Ad un certo punto, stanca della quotidianità e volendo evadere dalle quattro pareti ho avvertito la necessità di libertà e di rinnovamento ed ho preso a frequentare per puro piacere un Corso di Inglese e diversi Corsi di perfezionamento post-universitari, coinvolgendo e portando spesso con me gruppetti di alunni in orari extrascolastici. In uno di questi corsi, DIDATTICA DELLA SCRITTURA, durante un laboratorio di poesia, ho conosciuto il gruppo dei “poeti della Vallisa” .È stata questa la mia prima prova di poesia che mi ha schiuso nuovi orizzonti, aprendo le cateratte del cielo.
Ricordo, era il 6 marzo del 2001, che, tornando a casa, a Palese con il trenino metropolitano, nacque la mia prima poesia (“Libertà”) che apre la mia prima silloge, “LA TECA DI CRISTALLO.
Quasi tutte le mie poesie mantengono sotto il titolo le rispettive date di nascita. È un mio vezzo ed è anche un modo per non dimenticare tempi e occasioni.

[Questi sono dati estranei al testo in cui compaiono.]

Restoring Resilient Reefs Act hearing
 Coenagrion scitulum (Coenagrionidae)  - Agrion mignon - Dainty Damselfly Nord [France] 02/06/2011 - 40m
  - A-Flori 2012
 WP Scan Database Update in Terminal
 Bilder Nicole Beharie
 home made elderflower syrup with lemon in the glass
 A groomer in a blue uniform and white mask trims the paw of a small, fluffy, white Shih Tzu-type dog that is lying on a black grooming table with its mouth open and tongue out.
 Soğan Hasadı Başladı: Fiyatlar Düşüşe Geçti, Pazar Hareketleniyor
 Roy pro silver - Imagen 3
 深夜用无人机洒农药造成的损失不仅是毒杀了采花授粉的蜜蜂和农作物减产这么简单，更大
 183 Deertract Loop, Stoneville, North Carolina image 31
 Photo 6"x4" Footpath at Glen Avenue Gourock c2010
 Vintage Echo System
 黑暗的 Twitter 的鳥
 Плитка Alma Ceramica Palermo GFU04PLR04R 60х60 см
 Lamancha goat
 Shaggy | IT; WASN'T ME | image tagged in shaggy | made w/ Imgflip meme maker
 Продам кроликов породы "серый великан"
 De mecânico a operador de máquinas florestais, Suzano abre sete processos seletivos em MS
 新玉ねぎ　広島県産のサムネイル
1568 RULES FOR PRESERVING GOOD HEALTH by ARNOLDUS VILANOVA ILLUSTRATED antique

Ho iniziato subito dopo a seguire il gruppo di questi poeti che si riunivano (ed ancor oggi si riuniscono) ogni lunedì pomeriggio, già da tempo, presso la libreria “Roma”, situata nella omonima piazza della Stazione di Bari, oggi intitolata ad Aldo Moro.
Ho impiegato tanto tempo prima di decidermi a pubblicare. LA TECA DI CRISTALLO è uscita, infatti, solo nel 2015!
Scrivere è come mettersi a nudo anche se, fino a un certo punto, poiché spesso si riesce, attraverso la PAROLA, a dire non dicendo, e a non dire dicendo.
La mia è una vocazione laica, fatta di entusiasmo e di voglia di lasciare traccia di me a chi verrà.